In Example 2, the subject matter of Example 1 includes, wherein the vehicle identification circuit is configured to generate an audio-image association, the audio-image association matching audio samples of the sound event with image frames of the image event for a plurality of time instances; perform a vehicle recognition to identify the type of vehicle based on the audio-image association; and transmit a message to a vehicle control system via a vehicle interface, the message based on the vehicle recognition.

In Example 3, the subject matter of Example 2 includes, wherein the image event is detecting a visual representation of a vehicle within at least one of the image frames, and wherein the sound event is detecting a sound associated with the vehicle within at least one of the audio samples.

In Example 4, the subject matter of Examples 2-3 includes, wherein to generate the audio-image association, the vehicle identification circuit is further configured to normalize a frame rate of the image frames with a sampling rate of the audio samples to determine an audio samples per image frame (ASPIF) parameter for each time instance of the plurality of time instances.

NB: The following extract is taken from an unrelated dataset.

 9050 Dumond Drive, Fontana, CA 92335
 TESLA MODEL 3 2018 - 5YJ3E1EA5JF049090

In Example 5, the subject matter of Example 4 includes, wherein the audio-image association is a data structure and the vehicle identification circuit is further configured to for each image frame of the image frames, store in the data structure: an identifier of a time instance of the plurality of time instances corresponding to the image frame; an identifier of the image frame; identifiers of a subset of the audio samples corresponding to the image frame based on the ASPIF parameter; a detection result associated with the image frame, the detection result based on the image event; and a detection result associated with each audio sample of the subset of audio samples, the detection result based on the sound event.

In Example 6, the subject matter of Example 5 includes, wherein the detection result associated with the image frame is a type of vehicle detected within the image frame.

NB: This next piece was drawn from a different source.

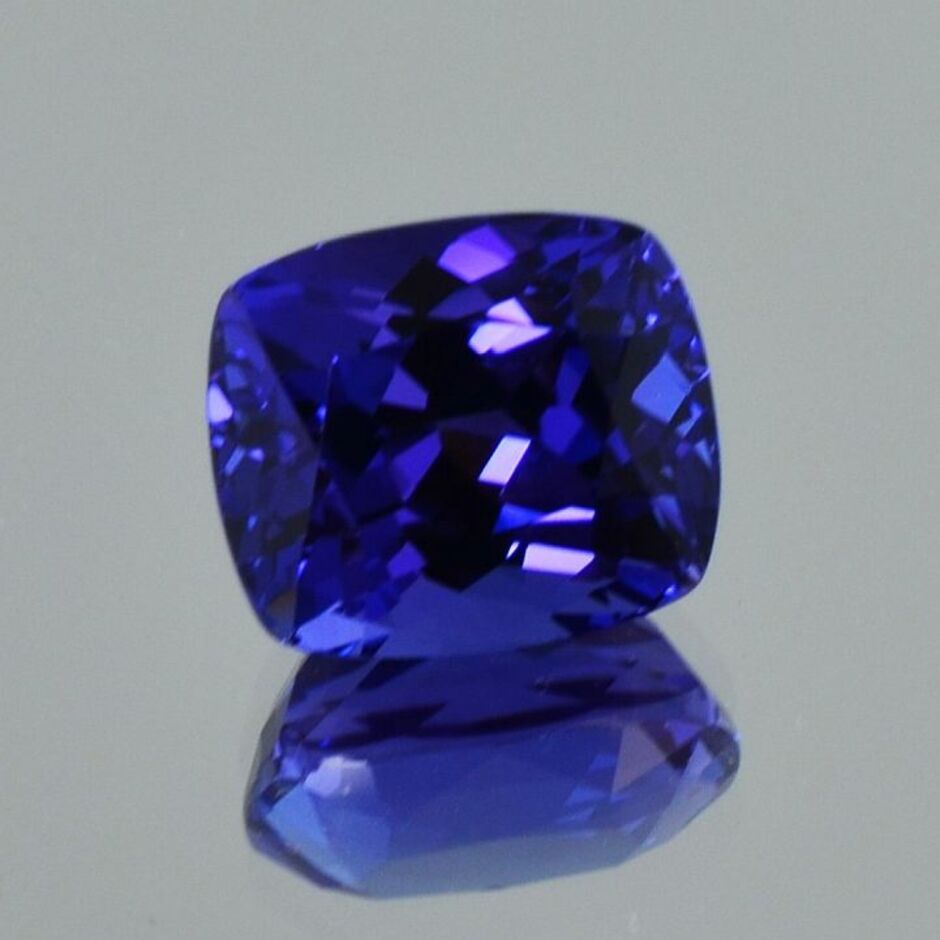 Tanzanite cushion intense Violettblau 6.31 ct.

In Example 7, the subject matter of Example 6 includes, wherein the detection result associated with each audio sample of the subset of audio samples is a type of vehicle detected based on the audio sample.

In Example 8, the subject matter of Example 7 includes, wherein the vehicle identification circuit is further configured to apply a clustering function to the detection results associated with the subset of audio samples to generate a combined detection result associated with the subset of audio samples; and perform data fusion of the detection result associated with the image frame and the combined detection result associated with the subset of audio samples to perform the vehicle recognition.

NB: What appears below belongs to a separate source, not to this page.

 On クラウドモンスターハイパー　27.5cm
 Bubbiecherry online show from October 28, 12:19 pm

In Example 9, the subject matter of Examples 2-8 includes, wherein the vehicle identification circuit is further configured to generate the message for transmission to the vehicle control system, the message including the type of vehicle.

In Example 10, the subject matter of Example 9 includes, wherein the type of vehicle is a type of emergency vehicle, and wherein the vehicle control system performs a responsive action based on the message indicating the type of emergency vehicle.

In Example 11, the subject matter of Example 10 includes, wherein the responsive action comprises an autonomous vehicle maneuver based on the type of emergency vehicle detected during vehicle recognition.

In Example 12, the subject matter of Examples 1-11 includes, wherein the audio machine learning technique and the image machine learning technique comprise an artificial neural network, and wherein identifying the type of vehicle is further based on identifying a light event based on light signals captured outside of the vehicle.

Example 13 is a method for vehicle recognition, the method comprising: capturing sounds outside of a vehicle; analyzing, by one or more processors of the vehicle, the captured sounds using an audio machine learning technique to identify a sound event; capturing images outside of the vehicle; analyzing, by the one or more processors, the captured images using an image machine learning technique to identify an image event; and identifying, by the one or more processors, a type of vehicle based on the image event and the sound event.

In Example 14, the subject matter of Example 13 includes, generating, by the one or more processors, an audio-image association, the audio-image association matching audio samples of the sound event with image frames of the image event for a plurality of time instances; performing, by the one or more processors, a vehicle recognition to identify the type of vehicle based on the audio-image association; and transmitting, by the one or more processors, a message to a vehicle control system via a vehicle interface, the message based on the vehicle recognition.

In Example 15, the subject matter of Example 14 includes, wherein the image event is detecting a visual representation of a vehicle within at least one of the image frames, and wherein the sound event is detecting a sound associated with the vehicle within at least one of the audio samples.

In Example 16, the subject matter of Examples 14-15 includes, wherein generating the audio-image association comprises: normalizing, by the one or more processors, a frame rate of the image frames with a sampling rate of the audio samples to determine an audio samples per image frame (ASPIF) parameter for each time instance of the plurality of time instances.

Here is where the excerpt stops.